**GIVEN DATA**
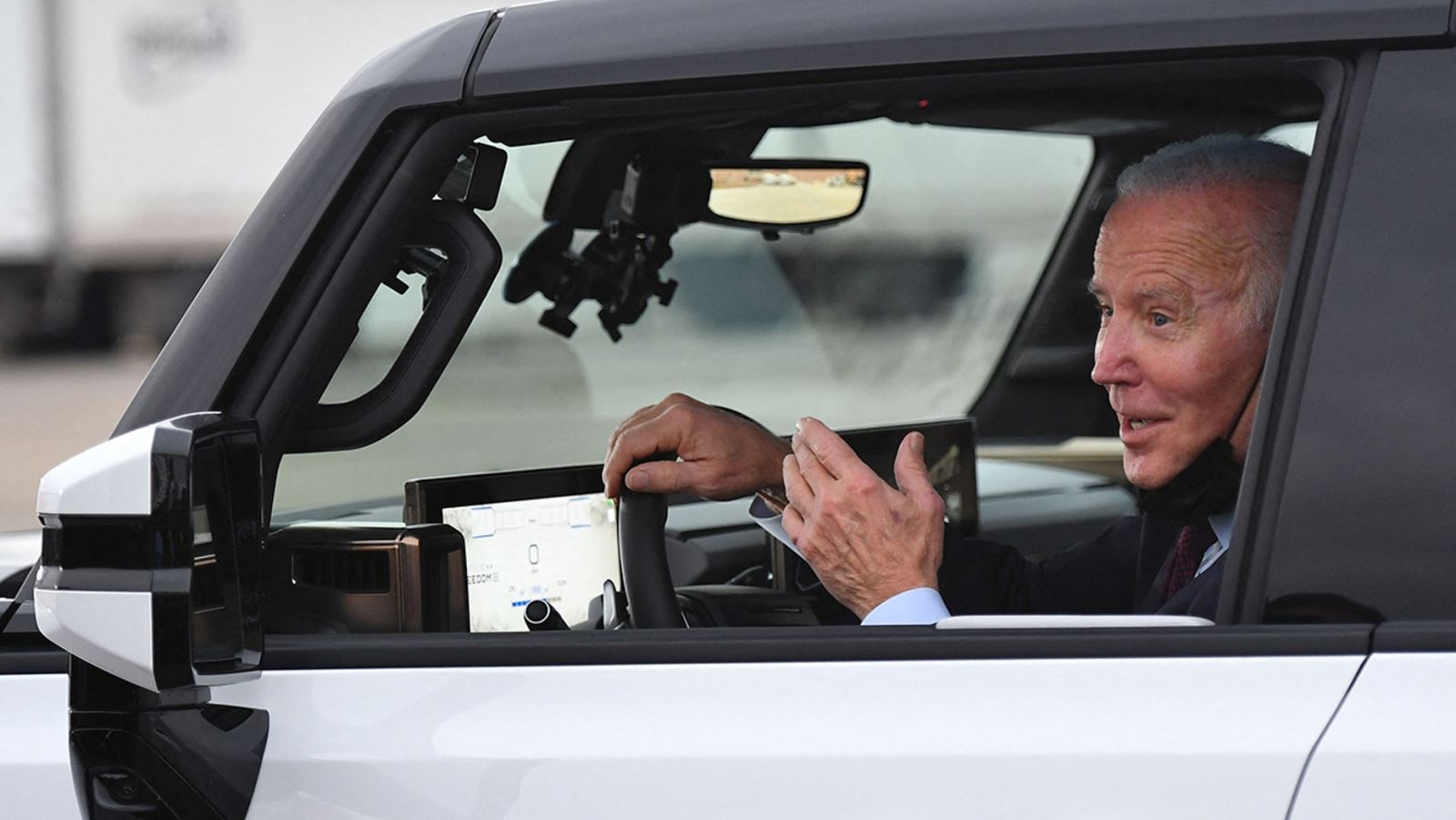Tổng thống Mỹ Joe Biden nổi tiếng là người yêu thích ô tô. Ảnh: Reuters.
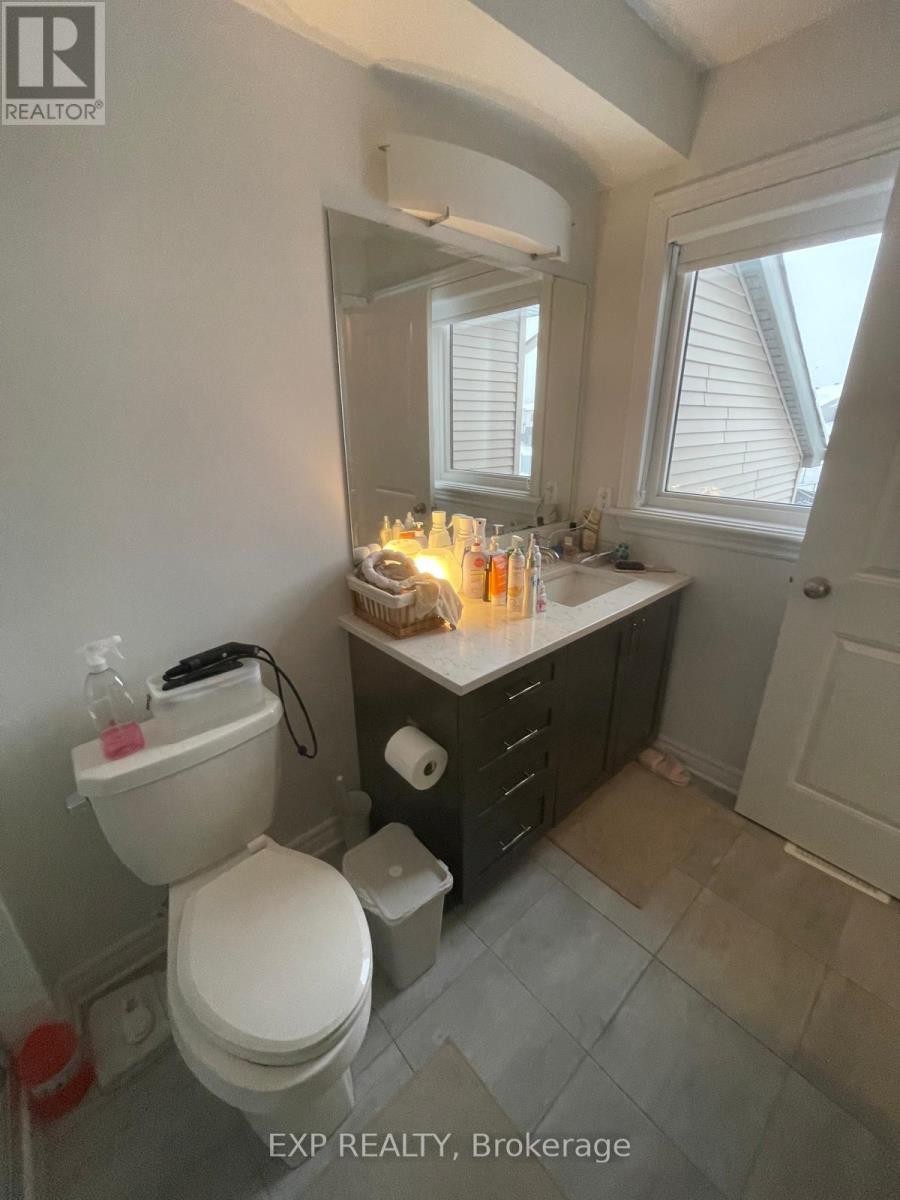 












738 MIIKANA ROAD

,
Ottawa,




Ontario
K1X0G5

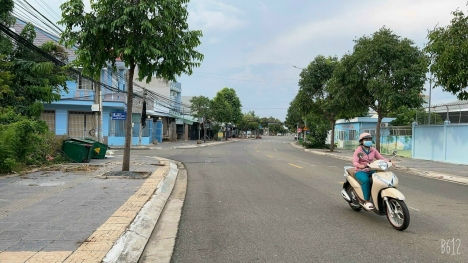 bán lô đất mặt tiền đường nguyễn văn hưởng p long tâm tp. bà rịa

**WHAT IS NEEDED**
With the pictures removed, repeat the listing above exactly as it stands.

**EXPECTED ANSWER**
Tổng thống Mỹ Joe Biden nổi tiếng là người yêu thích ô tô. Ảnh: Reuters.












738 MIIKANA ROAD

,
Ottawa,




Ontario
K1X0G5

 bán lô đất mặt tiền đường nguyễn văn hưởng p long tâm tp. bà rịa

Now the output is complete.